Instead of calming Tory nerves, the Prime Minister's Commons statement raised more questions among MPs: Why did Mr Major not sack Mr Hamilton last week? What were the new allegations against Mr Hamilton? What other allegations would be made by Mohamed al-Fayed?

But there was corrosive anger among Mr Hamilton's right-wing friends, who were furious that Mr Major had sacked him after supporting him last week.

'The vacillation of this Government is now so great, we don't know who is going to be thrown overboard next,' a Thatcherite Tory backbencher said.

A senior Cabinet minister on the left of the party was accused by right-wingers of being behind a conspiracy to bring Mr Hamilton down. It was claimed that at a meeting with the chief whip, Richard Ryder, and Michael Heseltine, President of the Board of Trade, Mr Hamilton was confronted with a list of allegations, including interests in an oil company, which he had declared.

'They were out to get him. He just ticked off the list, but they came at him with wild allegations,' one of his friends said.

And at a dinner of the Thatcherite 92 group last night, Tory right-wing MPs were still angry over the Government's handling of the affair.

The setting up of the Nolan inquiry into the standards of public life won more support, although MPs expressed fears that they would be judged in the same way as Caesar's wife, who was required to be above suspicion.

MPs on all sides believed the inquiry could lead to MPs being given a higher salary in return for ending their other outside earnings.

'I do not want 651 full-time MPs all thinking they have to pass more legislation.
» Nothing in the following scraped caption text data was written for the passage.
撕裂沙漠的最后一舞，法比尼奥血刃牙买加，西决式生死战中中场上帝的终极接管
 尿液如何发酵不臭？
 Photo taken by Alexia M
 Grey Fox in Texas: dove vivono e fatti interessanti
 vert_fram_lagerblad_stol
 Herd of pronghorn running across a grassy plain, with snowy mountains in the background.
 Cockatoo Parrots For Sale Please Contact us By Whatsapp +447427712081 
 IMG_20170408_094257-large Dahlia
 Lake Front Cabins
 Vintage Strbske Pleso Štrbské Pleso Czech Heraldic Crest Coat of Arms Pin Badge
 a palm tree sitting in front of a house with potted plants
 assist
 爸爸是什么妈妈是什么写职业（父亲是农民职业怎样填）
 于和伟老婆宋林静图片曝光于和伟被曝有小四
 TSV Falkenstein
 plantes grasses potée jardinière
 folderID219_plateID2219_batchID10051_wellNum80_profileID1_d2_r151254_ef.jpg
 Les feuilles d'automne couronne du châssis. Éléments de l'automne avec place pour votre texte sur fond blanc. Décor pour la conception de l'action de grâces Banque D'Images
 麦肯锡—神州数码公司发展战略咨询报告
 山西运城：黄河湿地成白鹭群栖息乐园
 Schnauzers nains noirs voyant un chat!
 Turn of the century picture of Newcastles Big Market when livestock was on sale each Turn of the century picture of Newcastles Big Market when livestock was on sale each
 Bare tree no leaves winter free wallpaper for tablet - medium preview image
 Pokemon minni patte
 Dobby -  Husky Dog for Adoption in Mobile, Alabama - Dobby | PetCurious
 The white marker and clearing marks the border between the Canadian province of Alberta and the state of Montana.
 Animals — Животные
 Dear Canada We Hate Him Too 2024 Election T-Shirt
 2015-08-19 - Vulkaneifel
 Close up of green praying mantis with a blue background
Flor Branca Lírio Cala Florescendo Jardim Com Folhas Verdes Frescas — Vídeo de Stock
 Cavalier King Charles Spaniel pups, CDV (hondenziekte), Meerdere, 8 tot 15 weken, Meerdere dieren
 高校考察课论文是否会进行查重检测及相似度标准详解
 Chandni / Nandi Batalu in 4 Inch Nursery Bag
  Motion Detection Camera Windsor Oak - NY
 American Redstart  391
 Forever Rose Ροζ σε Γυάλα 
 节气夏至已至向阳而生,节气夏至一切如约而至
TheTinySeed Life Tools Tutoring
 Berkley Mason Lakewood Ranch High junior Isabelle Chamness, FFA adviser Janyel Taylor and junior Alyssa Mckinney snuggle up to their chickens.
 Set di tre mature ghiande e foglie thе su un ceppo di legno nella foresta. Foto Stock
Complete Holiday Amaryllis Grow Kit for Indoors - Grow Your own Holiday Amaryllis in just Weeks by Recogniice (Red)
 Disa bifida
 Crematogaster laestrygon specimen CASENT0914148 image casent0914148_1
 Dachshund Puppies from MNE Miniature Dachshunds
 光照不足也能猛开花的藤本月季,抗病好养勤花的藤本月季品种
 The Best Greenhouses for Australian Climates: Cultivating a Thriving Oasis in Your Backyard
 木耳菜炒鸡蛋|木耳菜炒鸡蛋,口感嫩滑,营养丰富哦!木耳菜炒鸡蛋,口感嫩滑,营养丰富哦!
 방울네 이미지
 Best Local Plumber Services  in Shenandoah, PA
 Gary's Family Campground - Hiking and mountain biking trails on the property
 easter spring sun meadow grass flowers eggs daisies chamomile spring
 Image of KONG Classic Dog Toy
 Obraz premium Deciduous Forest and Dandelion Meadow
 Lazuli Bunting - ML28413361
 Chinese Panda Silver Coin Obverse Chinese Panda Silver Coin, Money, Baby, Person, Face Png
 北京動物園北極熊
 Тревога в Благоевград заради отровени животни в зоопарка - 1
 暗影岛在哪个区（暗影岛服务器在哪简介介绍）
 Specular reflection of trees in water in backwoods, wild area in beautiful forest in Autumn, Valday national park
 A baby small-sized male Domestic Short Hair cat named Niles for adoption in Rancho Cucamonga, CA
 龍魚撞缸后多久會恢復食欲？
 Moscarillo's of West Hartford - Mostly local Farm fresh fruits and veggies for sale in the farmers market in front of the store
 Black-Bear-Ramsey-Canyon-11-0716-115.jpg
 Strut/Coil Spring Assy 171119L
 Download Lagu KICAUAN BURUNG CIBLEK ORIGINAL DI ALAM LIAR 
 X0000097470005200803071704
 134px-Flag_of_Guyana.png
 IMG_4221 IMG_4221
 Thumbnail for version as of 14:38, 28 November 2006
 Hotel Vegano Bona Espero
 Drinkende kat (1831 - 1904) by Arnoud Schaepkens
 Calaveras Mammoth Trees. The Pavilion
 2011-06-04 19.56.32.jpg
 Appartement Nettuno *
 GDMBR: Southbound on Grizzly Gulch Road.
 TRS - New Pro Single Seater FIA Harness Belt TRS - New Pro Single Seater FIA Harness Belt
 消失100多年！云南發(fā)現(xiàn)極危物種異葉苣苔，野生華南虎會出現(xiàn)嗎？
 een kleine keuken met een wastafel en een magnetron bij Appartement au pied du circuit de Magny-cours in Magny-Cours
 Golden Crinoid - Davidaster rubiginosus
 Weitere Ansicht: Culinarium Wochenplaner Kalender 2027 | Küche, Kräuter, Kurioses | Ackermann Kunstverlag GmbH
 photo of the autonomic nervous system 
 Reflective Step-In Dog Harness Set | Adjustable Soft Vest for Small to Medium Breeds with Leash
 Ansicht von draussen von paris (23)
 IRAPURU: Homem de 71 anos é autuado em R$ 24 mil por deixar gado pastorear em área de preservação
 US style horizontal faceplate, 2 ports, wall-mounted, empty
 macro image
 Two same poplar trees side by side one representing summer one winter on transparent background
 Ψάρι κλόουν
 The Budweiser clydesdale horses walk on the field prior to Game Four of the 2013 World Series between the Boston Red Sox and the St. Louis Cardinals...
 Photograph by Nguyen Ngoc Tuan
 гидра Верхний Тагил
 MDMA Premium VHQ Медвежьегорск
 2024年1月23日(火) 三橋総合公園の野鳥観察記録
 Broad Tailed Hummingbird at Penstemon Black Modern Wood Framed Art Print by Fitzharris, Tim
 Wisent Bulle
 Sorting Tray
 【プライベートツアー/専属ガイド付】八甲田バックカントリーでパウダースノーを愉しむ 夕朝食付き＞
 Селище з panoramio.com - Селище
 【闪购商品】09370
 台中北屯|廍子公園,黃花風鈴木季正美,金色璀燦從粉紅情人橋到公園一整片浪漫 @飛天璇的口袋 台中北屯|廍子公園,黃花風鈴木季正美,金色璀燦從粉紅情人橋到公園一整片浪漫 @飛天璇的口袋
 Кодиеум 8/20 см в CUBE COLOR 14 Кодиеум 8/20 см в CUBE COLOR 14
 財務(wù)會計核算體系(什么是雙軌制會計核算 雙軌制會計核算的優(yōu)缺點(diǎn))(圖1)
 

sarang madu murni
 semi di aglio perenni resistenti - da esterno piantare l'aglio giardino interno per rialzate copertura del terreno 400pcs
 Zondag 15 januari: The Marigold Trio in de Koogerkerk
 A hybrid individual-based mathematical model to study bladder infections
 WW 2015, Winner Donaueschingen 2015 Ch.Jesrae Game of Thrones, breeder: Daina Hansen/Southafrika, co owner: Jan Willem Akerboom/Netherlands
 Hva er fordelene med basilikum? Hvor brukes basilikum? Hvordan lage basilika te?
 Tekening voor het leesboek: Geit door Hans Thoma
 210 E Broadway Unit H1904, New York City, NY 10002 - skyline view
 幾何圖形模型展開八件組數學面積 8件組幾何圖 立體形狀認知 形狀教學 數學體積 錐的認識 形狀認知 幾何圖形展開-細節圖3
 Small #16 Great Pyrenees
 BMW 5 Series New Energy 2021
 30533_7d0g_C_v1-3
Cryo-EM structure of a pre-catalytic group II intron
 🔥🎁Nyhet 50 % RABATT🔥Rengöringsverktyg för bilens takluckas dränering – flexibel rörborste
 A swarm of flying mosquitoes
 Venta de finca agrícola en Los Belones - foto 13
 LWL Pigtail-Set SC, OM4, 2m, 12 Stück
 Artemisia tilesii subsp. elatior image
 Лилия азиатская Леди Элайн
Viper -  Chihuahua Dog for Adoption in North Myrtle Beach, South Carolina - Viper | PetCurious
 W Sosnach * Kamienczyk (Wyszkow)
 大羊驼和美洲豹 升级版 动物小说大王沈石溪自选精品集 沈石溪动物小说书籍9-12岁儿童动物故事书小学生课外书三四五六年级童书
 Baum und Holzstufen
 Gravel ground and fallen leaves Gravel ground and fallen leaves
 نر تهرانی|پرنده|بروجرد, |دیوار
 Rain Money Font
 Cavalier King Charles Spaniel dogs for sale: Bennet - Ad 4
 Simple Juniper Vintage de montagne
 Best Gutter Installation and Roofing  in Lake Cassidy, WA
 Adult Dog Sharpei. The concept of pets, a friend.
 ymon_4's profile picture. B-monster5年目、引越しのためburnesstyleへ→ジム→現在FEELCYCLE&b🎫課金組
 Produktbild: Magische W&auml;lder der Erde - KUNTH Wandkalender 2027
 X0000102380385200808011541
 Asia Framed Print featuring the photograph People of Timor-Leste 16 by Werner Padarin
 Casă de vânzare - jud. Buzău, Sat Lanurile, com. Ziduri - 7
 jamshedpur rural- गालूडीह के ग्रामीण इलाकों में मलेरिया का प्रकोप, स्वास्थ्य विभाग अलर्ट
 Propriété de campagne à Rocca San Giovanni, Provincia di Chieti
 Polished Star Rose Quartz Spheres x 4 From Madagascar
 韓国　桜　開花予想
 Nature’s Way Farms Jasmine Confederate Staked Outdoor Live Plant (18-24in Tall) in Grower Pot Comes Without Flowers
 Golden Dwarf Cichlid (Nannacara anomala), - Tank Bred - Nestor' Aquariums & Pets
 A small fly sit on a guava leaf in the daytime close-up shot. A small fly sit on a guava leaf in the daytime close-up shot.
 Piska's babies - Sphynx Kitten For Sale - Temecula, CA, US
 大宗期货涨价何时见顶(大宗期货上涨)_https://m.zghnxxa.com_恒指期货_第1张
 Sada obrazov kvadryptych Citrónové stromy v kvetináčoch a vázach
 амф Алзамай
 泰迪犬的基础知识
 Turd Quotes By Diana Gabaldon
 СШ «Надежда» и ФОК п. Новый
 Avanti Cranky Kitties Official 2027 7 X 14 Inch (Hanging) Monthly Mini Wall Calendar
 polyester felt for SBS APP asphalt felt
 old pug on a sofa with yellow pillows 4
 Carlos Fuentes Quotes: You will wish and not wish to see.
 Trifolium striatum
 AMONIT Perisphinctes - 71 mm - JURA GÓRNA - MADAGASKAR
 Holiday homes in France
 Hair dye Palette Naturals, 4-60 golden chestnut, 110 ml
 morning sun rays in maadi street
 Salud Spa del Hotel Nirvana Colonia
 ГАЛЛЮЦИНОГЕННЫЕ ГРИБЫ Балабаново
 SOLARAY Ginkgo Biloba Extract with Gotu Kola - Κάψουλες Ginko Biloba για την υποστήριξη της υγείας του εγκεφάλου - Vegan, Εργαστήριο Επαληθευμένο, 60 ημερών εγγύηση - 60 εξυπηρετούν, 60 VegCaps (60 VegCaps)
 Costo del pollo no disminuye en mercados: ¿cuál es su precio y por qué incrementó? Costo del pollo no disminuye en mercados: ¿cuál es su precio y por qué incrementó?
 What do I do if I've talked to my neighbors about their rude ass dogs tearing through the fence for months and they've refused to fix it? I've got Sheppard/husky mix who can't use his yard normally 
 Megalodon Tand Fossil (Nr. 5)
We have too many people coming into the House with too little experience of the outside world, and of business,' Sir Rhodes, the MP for Brent North, said.

A right-winger said: 'We'll become overpaid, under-employed full-time MPs.

That's the way it's going.' But another Tory MP said: 'I am looking forward to a 50 per cent pay rise by the next general election. I think if we got around pounds 57,000 a year, we could live on that.'

Tory MPs said the Prime Minister had been 'shrewd' to include local government in Lord Nolan's inquiry remit, because that would enable it to investigate alleged Labour sleaze in local authorities, such as Lambeth.

But Labour MPs said Mr Major had failed to escape the mud being thrown about the House.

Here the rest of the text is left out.